**Your goal**
In this exercise, print only the lines from the line with "OYO 136 Regal Residences" to the last line of the data below, inclusive. Any pictures should be left out.

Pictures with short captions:
/---

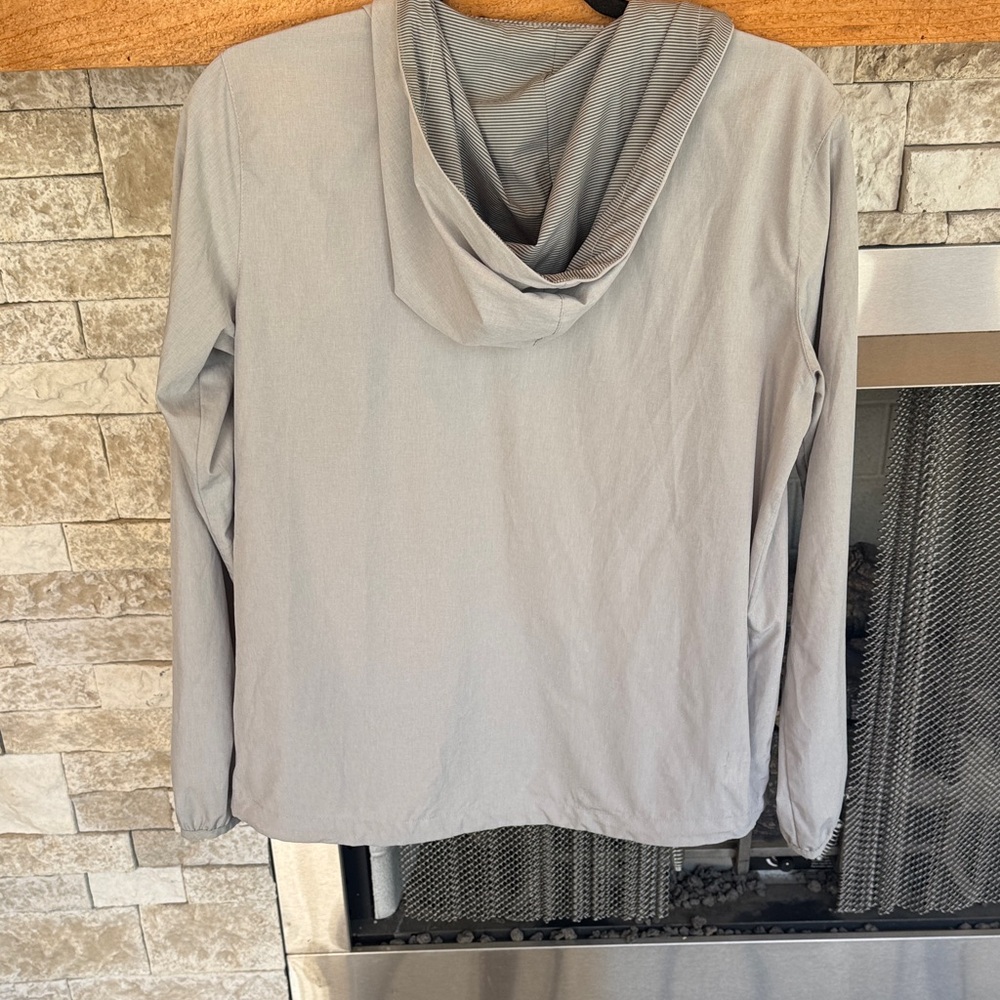 Vuori Women’s Hooded Outdoor Trainer Shell Jacket, sz small - Picture 7 of 8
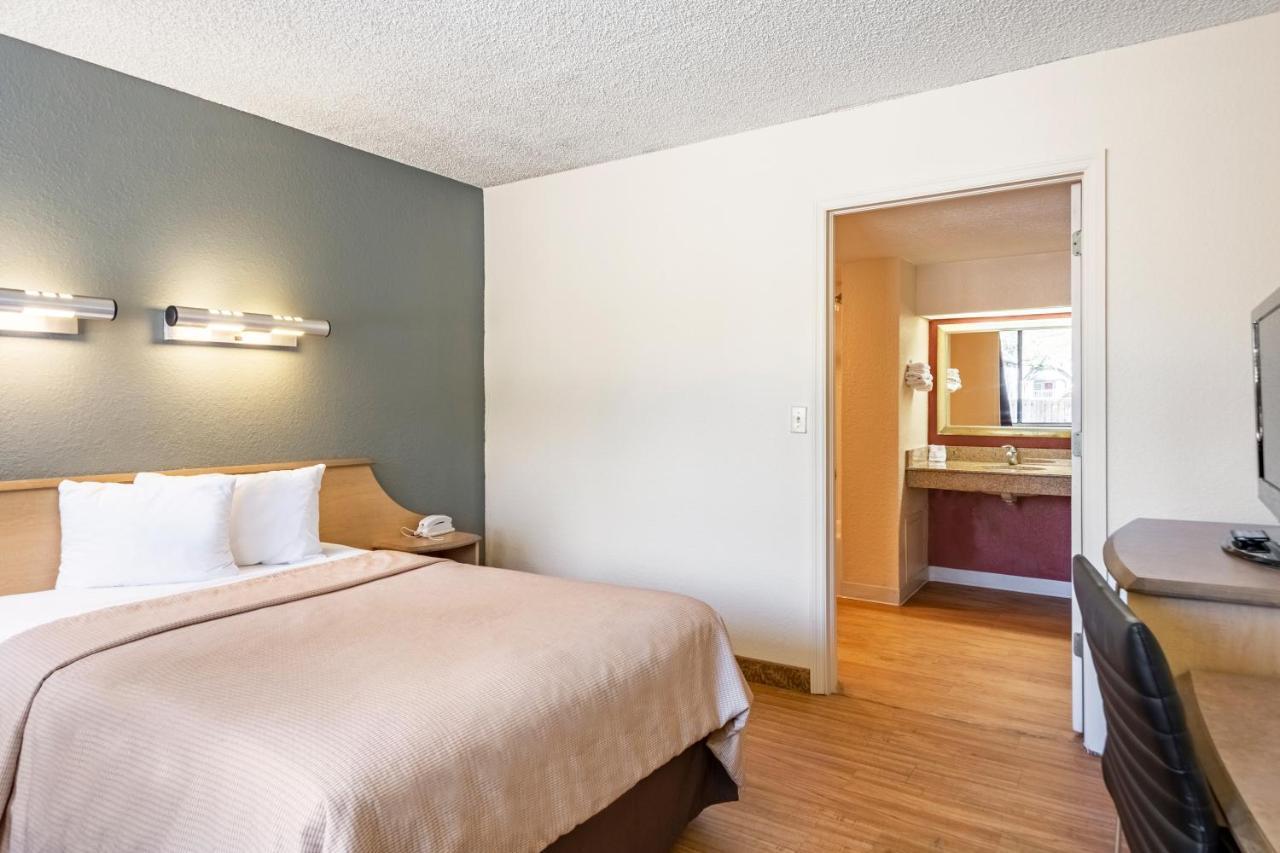 Econo Lodge Palm Harbor - Clearwater Esterno foto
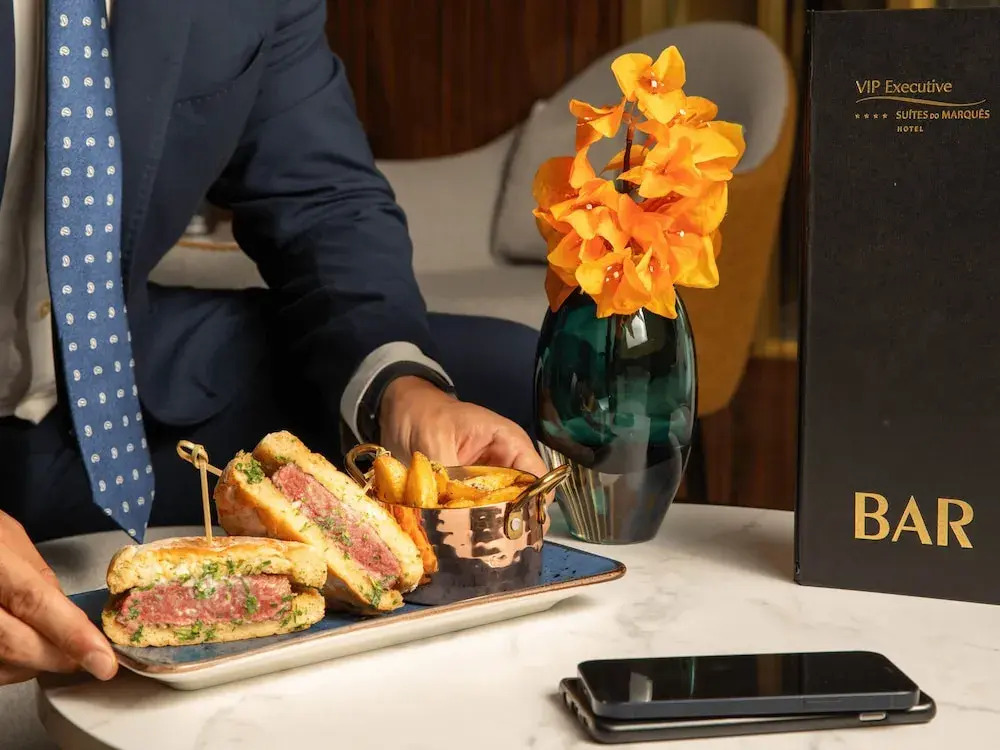 Foto - VIP Executive Suites do Marques Hotel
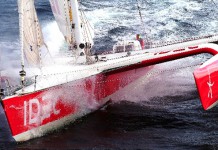 ENORME : Joyon bat le record des 24 h ! Trimaran IDEC au départ de New-York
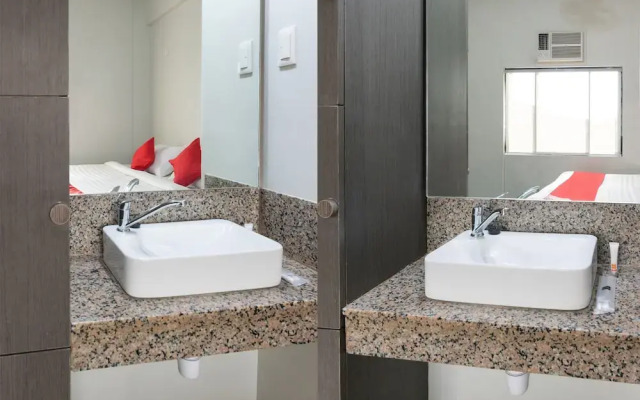 OYO 136 Regal Residences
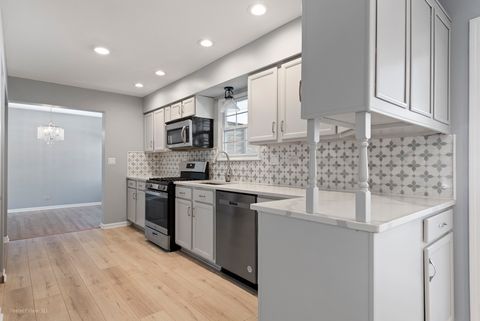 Tiny photo for 3290 johnsbury Court, Aurora, IL 60504 (MLS # 12508700)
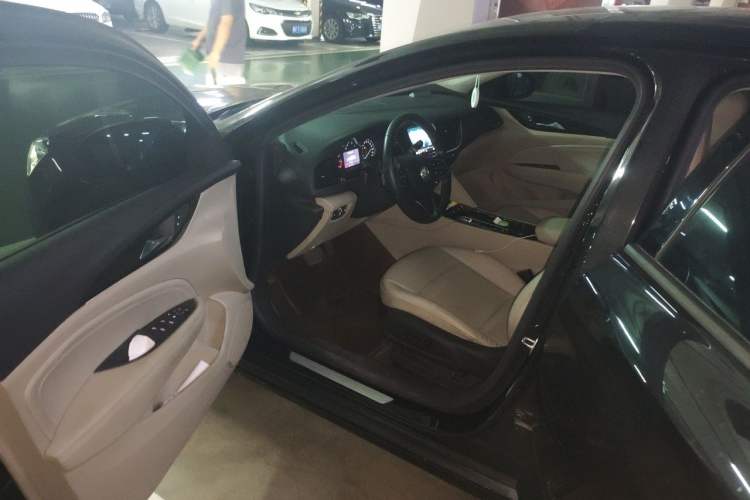 Used Buick Regal 2020 552T Elite Edition Driver Seat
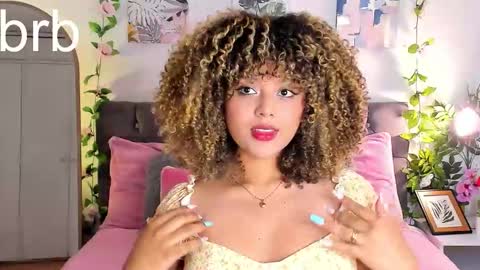 Snapshot of ebony_curly2 chatting on October 10, 8:19 pm isa online show from October 10, 8:19 pm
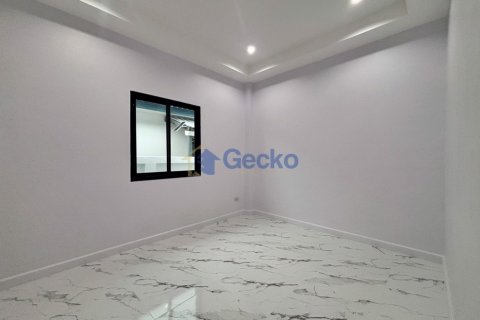 House in Pattaya, Thailand 3 bedrooms № 195861 - photo 15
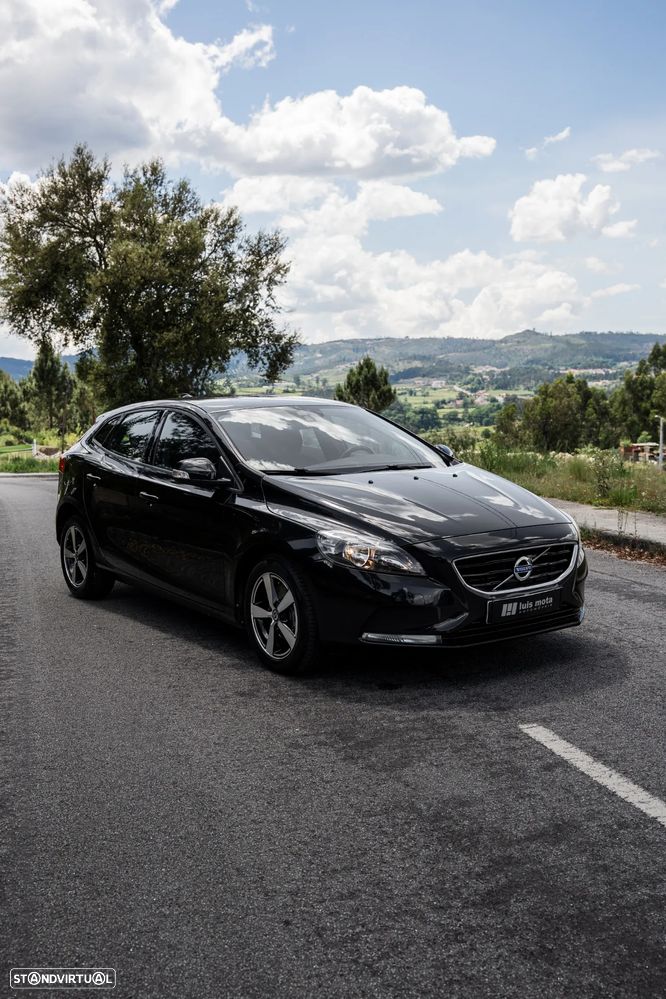 Volvo V40 D2 - 9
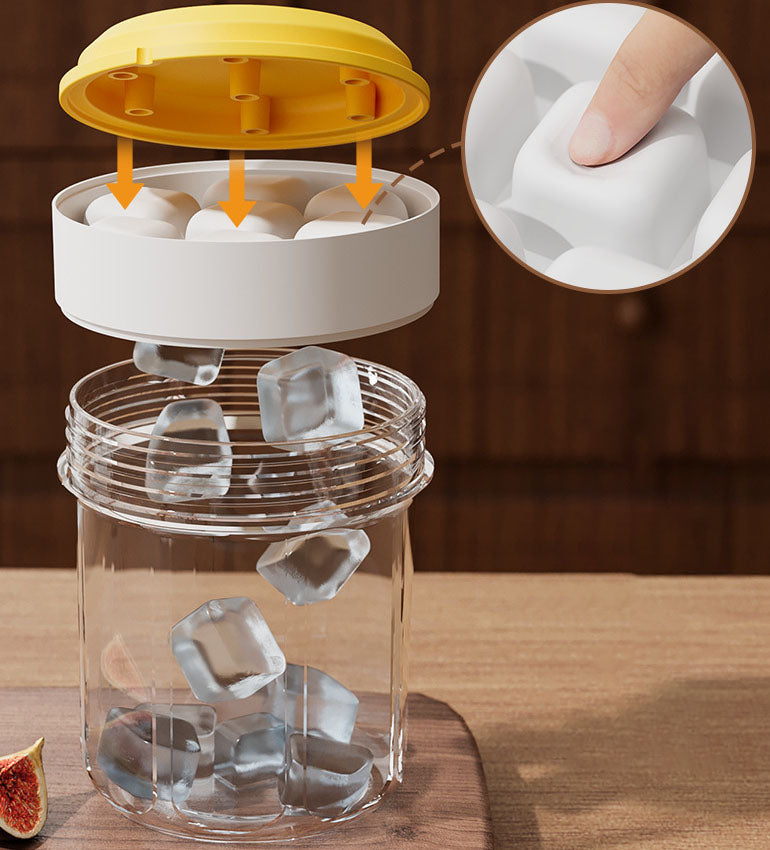 New Ice Cube Cup with Lid and Molds for Iced Drinks Portable Sealed Tumbler with Protective Sleeve for Coffee, Juice, Smoothie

\---

**Task output**
 OYO 136 Regal Residences
 Tiny photo for 3290 johnsbury Court, Aurora, IL 60504 (MLS # 12508700)
 Used Buick Regal 2020 552T Elite Edition Driver Seat
 Snapshot of ebony_curly2 chatting on October 10, 8:19 pm isa online show from October 10, 8:19 pm
 House in Pattaya, Thailand 3 bedrooms № 195861 - photo 15
 Volvo V40 D2 - 9
 New Ice Cube Cup with Lid and Molds for Iced Drinks Portable Sealed Tumbler with Protective Sleeve for Coffee, Juice, Smoothie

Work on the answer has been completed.